The risk is simple: if staffing grows faster than paid camper spots, owner income gets squeezed. Cutting supervision is the wrong fix because it can hurt safety and retention; the better fix is tighter scheduling, better training, stronger enrollment forecasts, and a group mix that matches staff ratios.
Protect Ratios, Not Just Payroll
Track camper-to-staff ratios, occupied camper-months, staff hours by age group, and pay rates. That tells you whether payroll is supporting revenue or just adding cost. Here’s the quick test: if enrollment grows but staff time grows faster, owner take-home falls even when sales look good.
- Forecast enrollment by age group weekly.
- Match FTEs to peak attendance days.
- Load premium workshops only when full.
- Use training to keep supervision efficient.
Measure the share of time spent on direct camper care versus low-value admin. Keep the admin load on the half-time assistant, and use lead counselors for coverage planning so the camp can grow without bloating payroll or cutting safety.
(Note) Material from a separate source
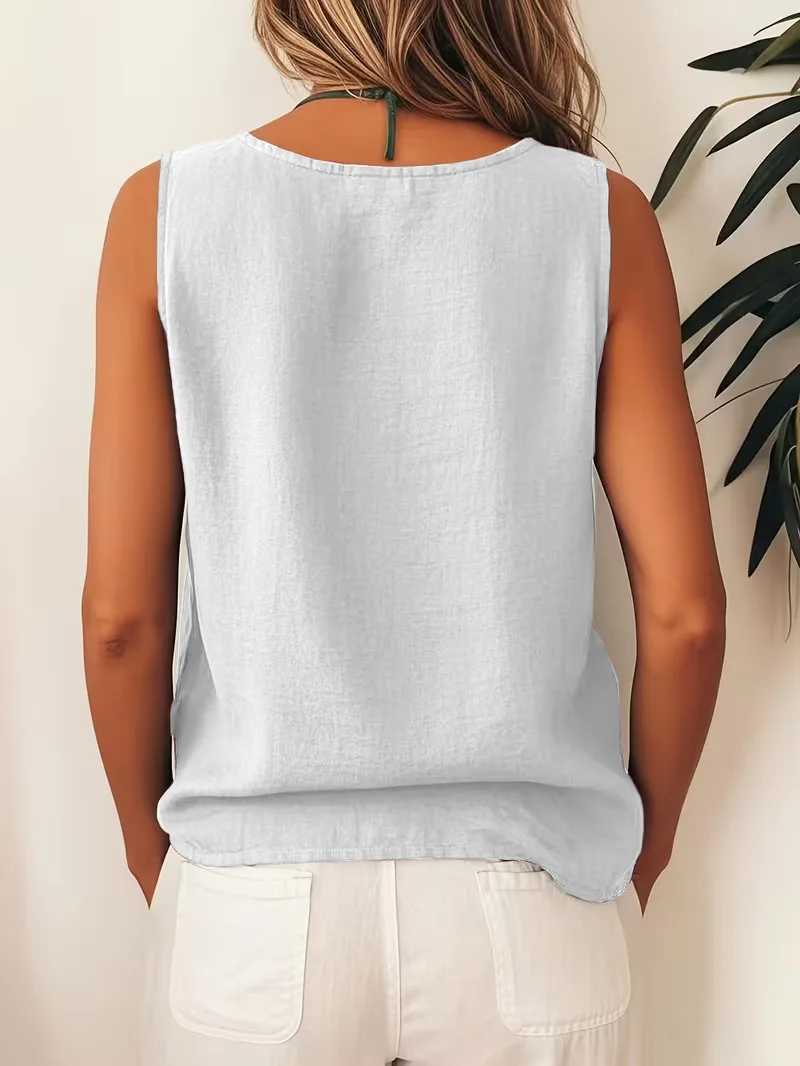 2026 Europäische und Amerikanische Neue Damen Freizeit-Colorblock-Ärmellose Knopfbluse mit seitlicher Einreihiger Knopfleiste, Rundhals – Detail 7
Fixed Overhead And Compliance Costs
Fixed Overhead and Compliance
Fixed overhead is the monthly bill the owner pays before taking home any profit. Here, it totals $12,700: $8,000 rent, $1,500 utilities, $1,000 insurance and licensing, $300 software, $700 security, $600 cleaning, $200 office supplies, and $400 maintenance. When enrollment is soft, these costs still stay due, so take-home drops fast.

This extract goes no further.